When it comes to the series as a whole, and what it established over the course of eight seasons, Condal says he wanted to lean into “its tone and voice” while creating House of the Dragon. “I think those are the two most important things that made that show what it was,” he says, referring to what executive producers David Benioff and D. B. Weiss “created in the beginning [and what] Miguel carried on in those later seasons.”
Additionally, “the voice of the show, which I think began with George, but then was adapted for the screen by David and Dan,” Condal continues. “Those two things, I think, are the things that most orient people into that world. And those were the things we had to recreate first, if we had any hope of any success.”
And given that this series takes place in the same world, just two hundred years prior, there will be lots of familiar settings, families and relics, including the Balerion skull, which first appeared on Game of Thrones. But those appearances or references aren’t merely Easter eggs for the benefit of fans. “It’s really easy to get carried away with all of the Easter eggs and all of the nods here and there,” Sapochnik warns, with Condal adding that “with Easter eggs and things, I’m always very suspicious of those ‘cause they feel fan servicey.”

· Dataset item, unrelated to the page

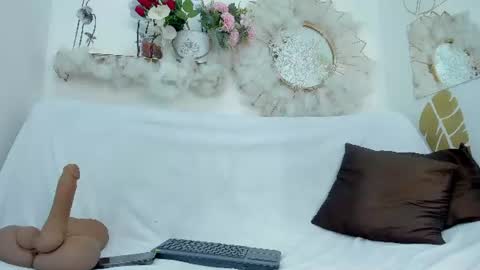 Emma Duque online show from 4, 7, 2026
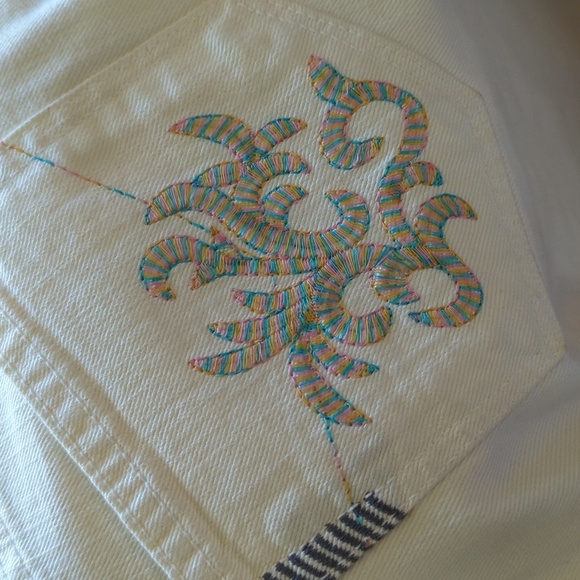 Paige Laurel Canyon Low Rise flare ivory Jeans - Picture 8 of 8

“If there’s a real reason to do it, if there’s something that has story resonance or spiritual resonance and there’s a reason to do it, then I think it’s great because it’s a way of connecting these two things over this vast chasm of 170 years,” Condal continues, adding that “there’s a lot of resonance with the original series.”
But at the end of the day, Sapochnik says, “we’ve gotta be careful ‘cause it’s gotta be our own.”
House of the Dragon premieres Sunday, Aug. 21 at 9 p.m. ET/PT on HBO and HBO Max.